しかし、いくら楽しいことが増えていっても、やはり好きになれませんでした。「辛い」という気持ちから、今度はここでの生活を続けるのが「うんざり」になってきました。
日本よりシンガポールの方が優れている点はいくつも見つけたし、見つける努力もしました。でも、日本での生活が、常に合計点で勝ってしまう。
一体、何が嫌だったのか。
私は20代の頃に短いながらカナダで生活したことがあるので、日本以外の生活がまったくできないとは思っていません。(カナダは帰りたくないくらい好きでした。)やはり、シンガポールの何かが苦手なのです。
生活費の高さ
一つは、生活費の高さ。食費や日用品に関しては、現地の人と同じものを選べば日本とそれほど変わりません。しかし、高い物の代表である不動産、医療、教育に関しては、外国人にとってどうにもならない高額出費なのです。
不動産に関しては、同じ金額を出せば東京ではもっといい部屋に住めるのに、と考えてもしかたないことを何度も思ってしまいました。
そして、幸い私たちは滞在中に医療、教育の大きな出費はありませんでしたが、医療は病気や怪我をした場合、教育は子どもがいれば避けられないものでした。これらを回避できるのは、主に若くて健康な単身、もしくは子どもがいない人たちなのです。
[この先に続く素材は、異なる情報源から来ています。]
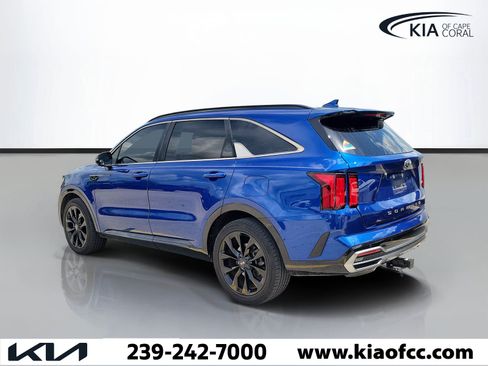 Used 2021 Kia Sorento SX FWD image 3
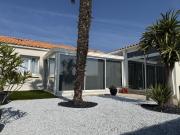 Maison familiale 3 chambres avec jardin - La Pironniere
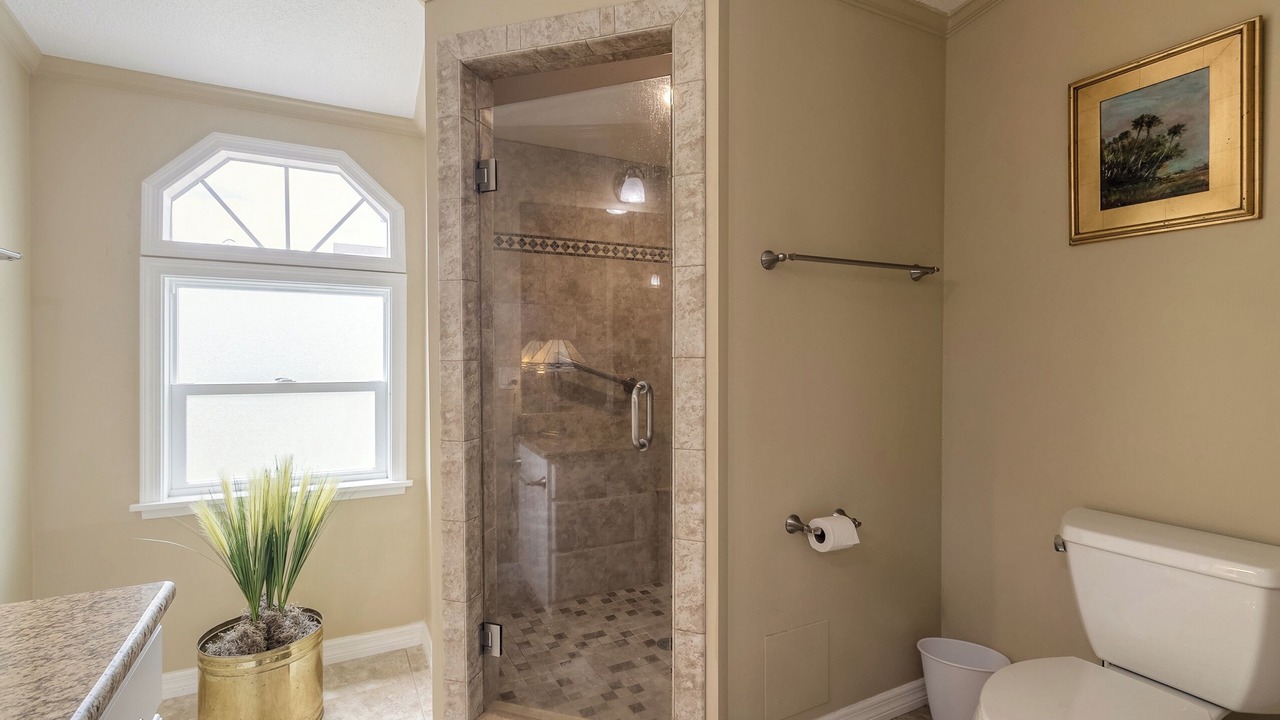 Photo of Bathroom in Edgewater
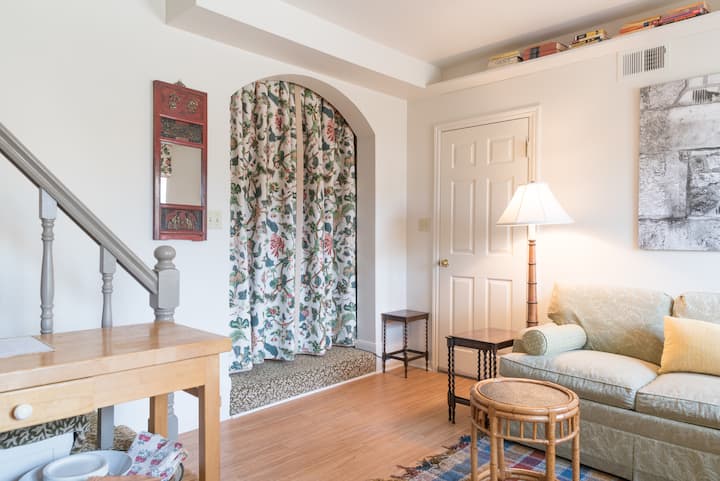 Cozy Studio With Garden 20 Minutes From Sfo - San Francisco, CA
わが家は若さから卒業した中年夫婦。そして現地採用の身で会社のサポートも乏しかったので、これらの生活費の高さから、当地で生活し続けることの経済的な危うさ、息苦しさを私は常に感じていました。
目標が見つからない生活
また、私は夫の帯同だった身なので致し方ないのですが、私自身のシンガポールでの目標が見つけられなかったのも辛かったです。
振り返れば、夫を支えるというのが使命だったのかもしれないし、それなりの役目は果たしてきたつもりですが、それはとてもぼんやりした実感のないものでした。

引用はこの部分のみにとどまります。